After blaming Afghan government, military, and former presidents, Biden says he doesn’t regret decision
After facing a bevy of bipartisan criticism, President Joe Biden on Monday afternoon acknowledged that the collapse of Afghanistan happened more quickly than his administration had anticipated.
“This did unfold more quickly than we anticipated,” Biden said at the White House, blaming Afghanistan’s political and military leaders for giving up and fleeing the country.
The president also accused the Afghan government of stopping the United States from carrying out a mass evacuation plan ahead of the pullout, alleging it would create a “crisis of confidence.”
White House officials and U.S. intelligence officials are “closely monitoring the situation on the ground in Afghanistan,” the president also said, adding that he doesn’t regret withdrawing from the country.
The mission in Afghanistan, which spanned nearly 20 years, was designed to take out the al-Qaeda terrorist network that was blamed by intelligence officials for triggering the Sept. 11 terrorist attacks. The United States also killed terror leader Osama bin Laden “a decade ago,” Biden said.
Biden added that the invasion of Afghanistan was “never supposed to be nation-building” or “creating a centralized democracy.”
The president didn’t take any questions.
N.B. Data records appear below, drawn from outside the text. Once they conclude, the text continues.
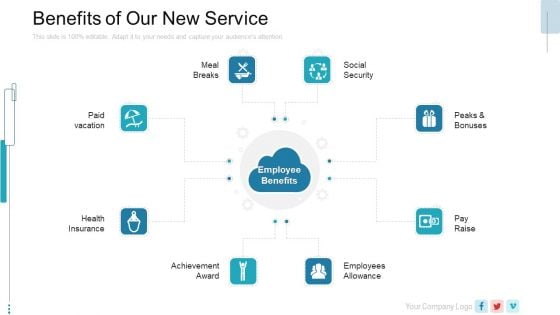 New Service Launch Plan Benefits Of Our New Service Ppt Pictures Slides PDF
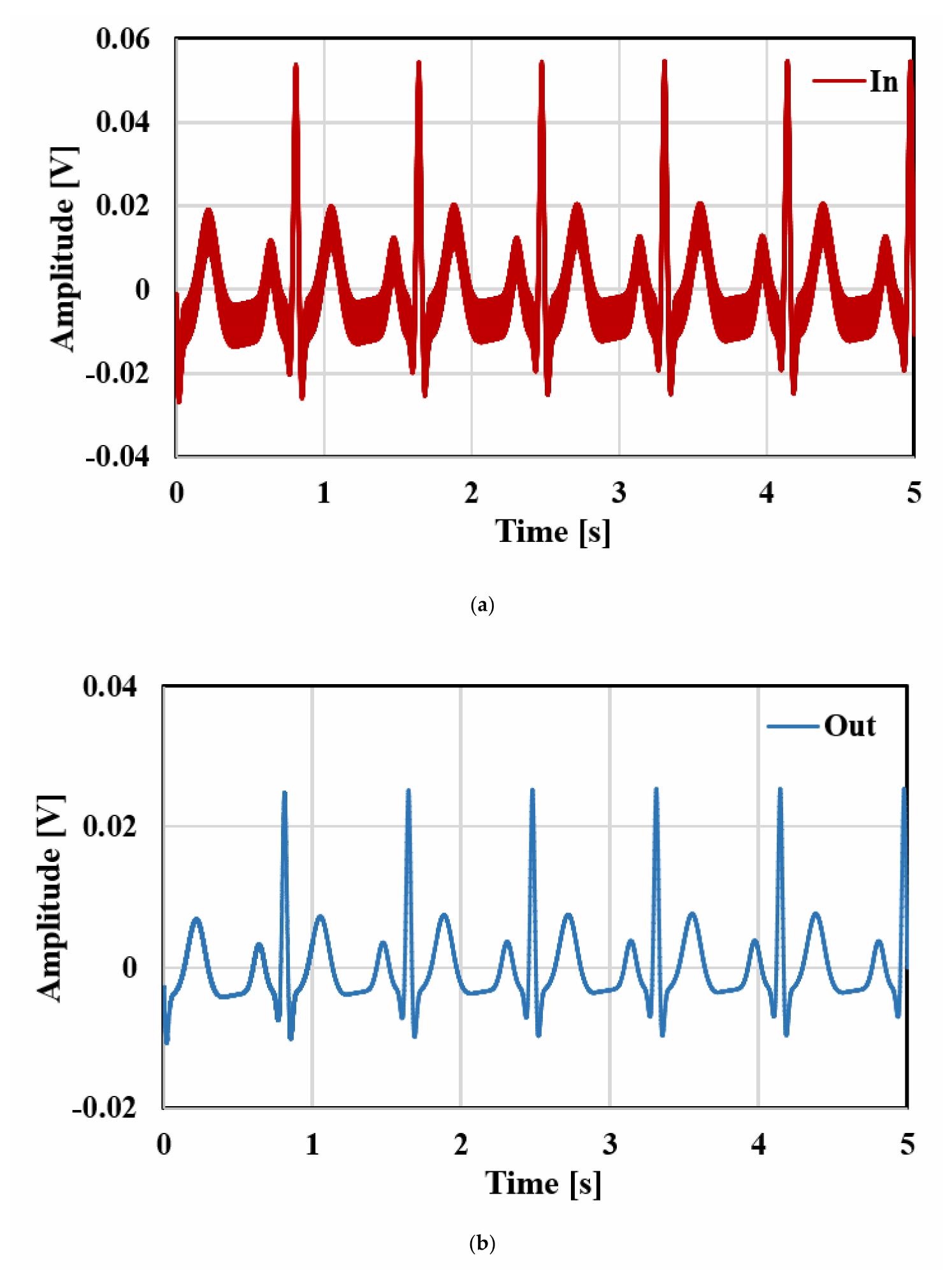 Figure 18. Transient response of the filter for ECG signal: (a) input; (b) output. 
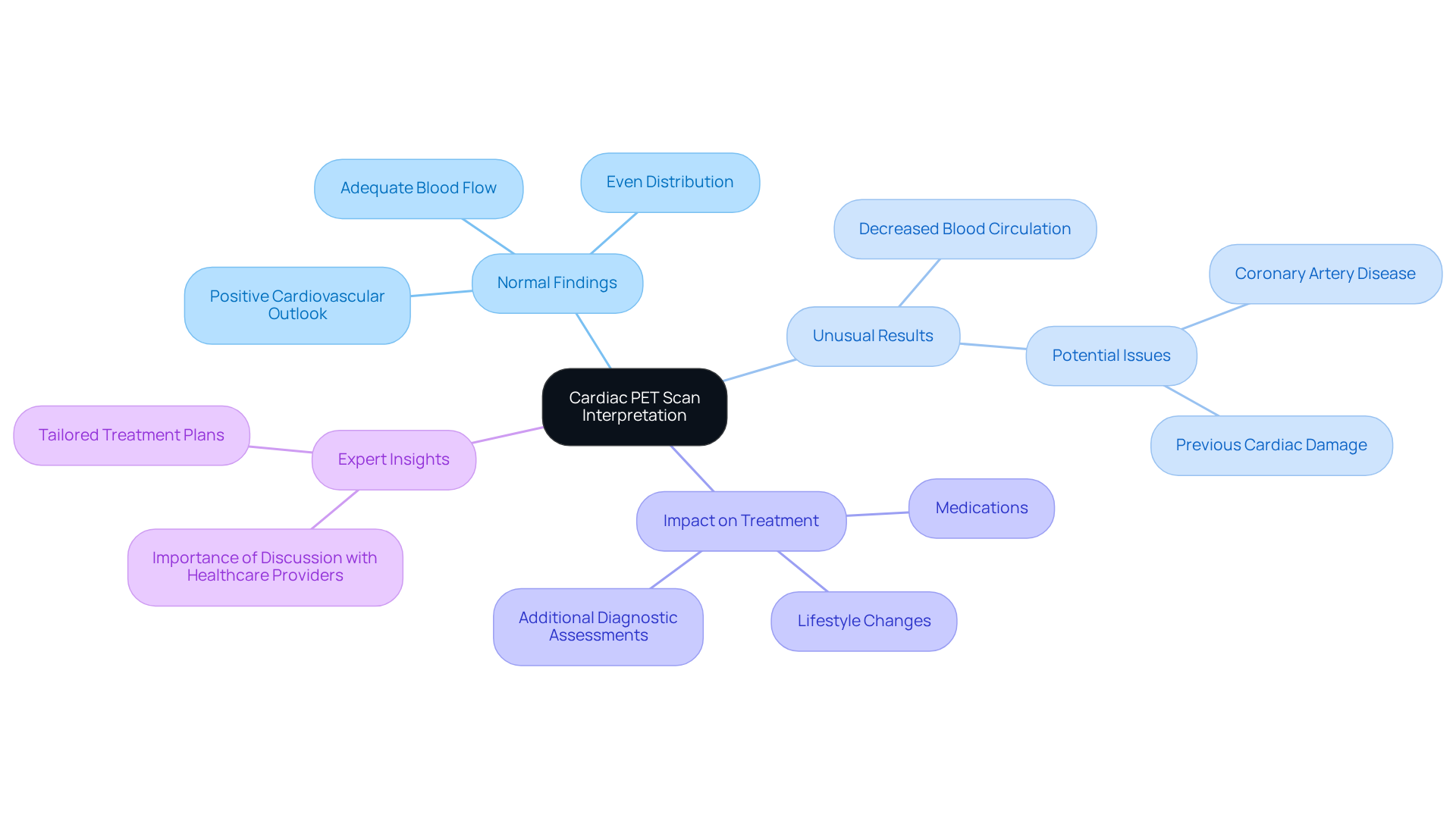 The center represents the overall process of interpreting PET scans, with branches showing different findings and their implications. Each branch helps you understand how normal and abnormal results can affect health decisions.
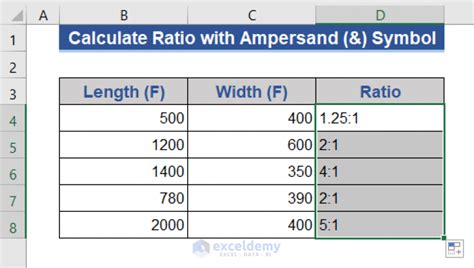 How To Calculate Ratio In Excel 4 Handy Methods Exceldemy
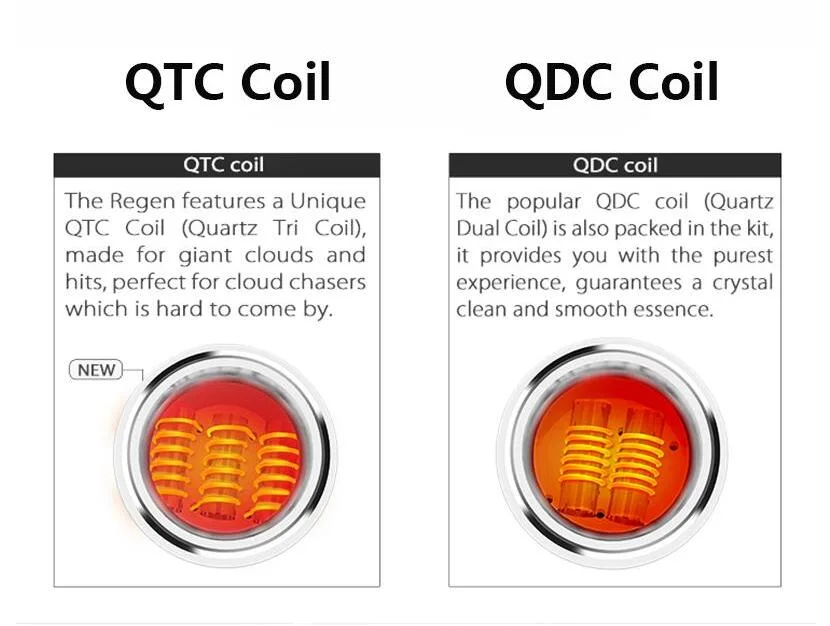 Authentic Yocan Regen Coils Qtc Coil Replacement Core for Regen Kit Evolve Plus Kit 5PCS/Pack 100% Original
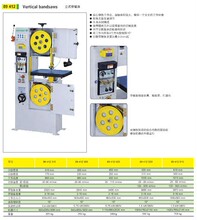 ʩ 89 412 Vertical bandsaws ʽⴲ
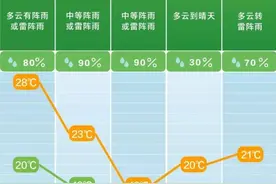 最大8级以上！长沙大风预警！图片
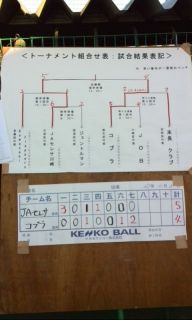 第３９回毎日杯全川崎選抜野球大会の様子！
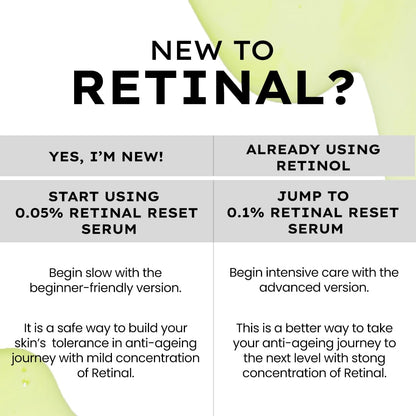 Instructions for using Retinal skincare product with different concentration levels.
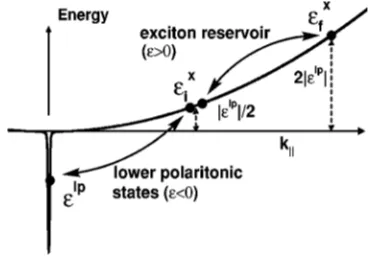 FIG. 1. Exciton-polariton scattering process from a thermalizedexciton reservoir into the lower polariton branch.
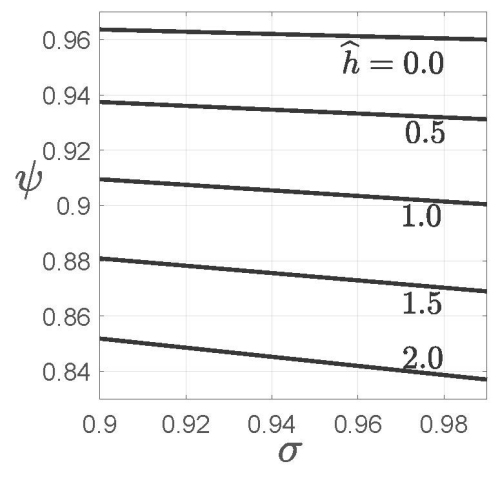 An external file that holds a picture, illustration, etc., usually as some form of binary object. The name of referred object is rmmj-15-3-e0013_g003.gif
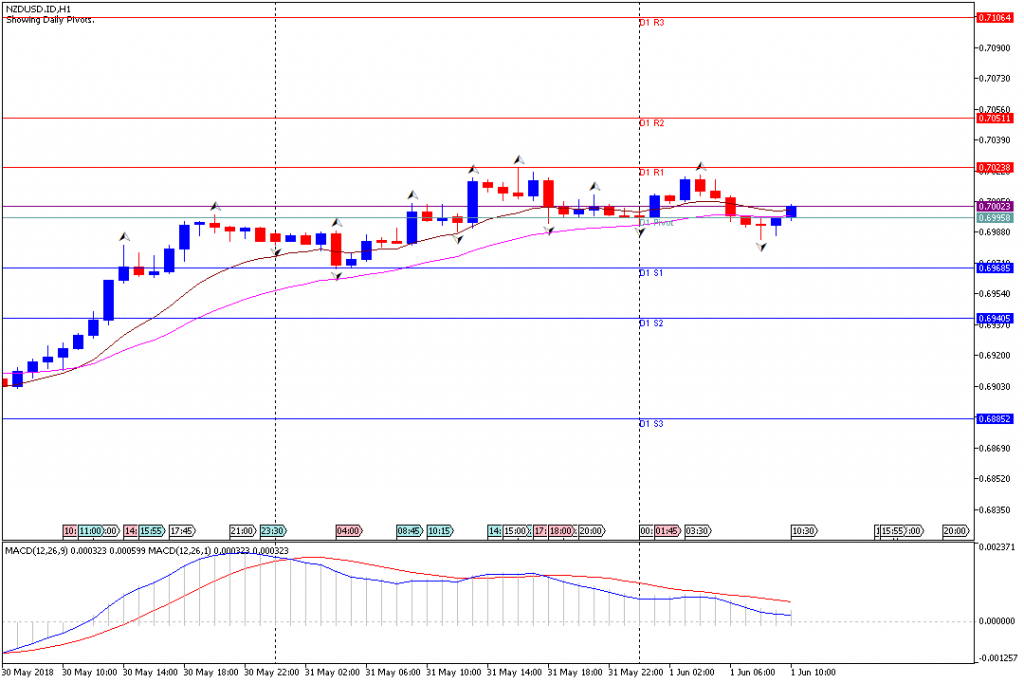 Analisa Teknikal Forex NZDUSD.IDH1, 1 Juni 2018 (Sesi Eropa)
The White House confirmed to reporters that he’s heading back to Camp David, where he’s spent the past several days on vacation.
In his speech, Biden appeared to touch on the chaos that is currently unfolding at the Kabul airport, where numerous Americans and foreign citizens remain. U.S. troops were fired on by armed assailants, forcing the soldiers to return fire, said Pentagon spokesman John Kirby earlier in the day.
“Our diplomatic presence has been consolidated at the airport as well,” said Biden, adding that evacuation flights will be held over the coming days.
The president, meanwhile, suggested that the Afghanistan collapse was the responsibility of former President Donald Trump for negotiating a deal with the Taliban to start the pullout on May 1, 2021, adding that his administration was forced to abide by the contours of a deal that Trump had brokered.
But in a number of statements over the past week, Trump criticized Biden’s pullout strategy, asking: “Can anyone even imagine taking out our Military before evacuating civilians and others who have been good to our Country and who should be allowed to seek refuge?”
“These [military] people left topflight and highly sophisticated equipment. Who can believe such incompetence? Under my Administration, all civilians and equipment would have been removed,” Trump also said, referring to American weapons and military vehicles being captured by Taliban forces in recent days.
Over the weekend, Biden, who was on vacation at Camp David, faced significant bipartisan criticism for not addressing the Taliban takeover and questioning U.S. military intelligence over the pullout. Even several former Defense Department officials and generals chimed in, comparing the Afghan government collapse and U.S. Embassy evacuation to the 1975 fall of Saigon, the 1979 Iranian hostage situation, or the 1961 Bay of Pigs incident.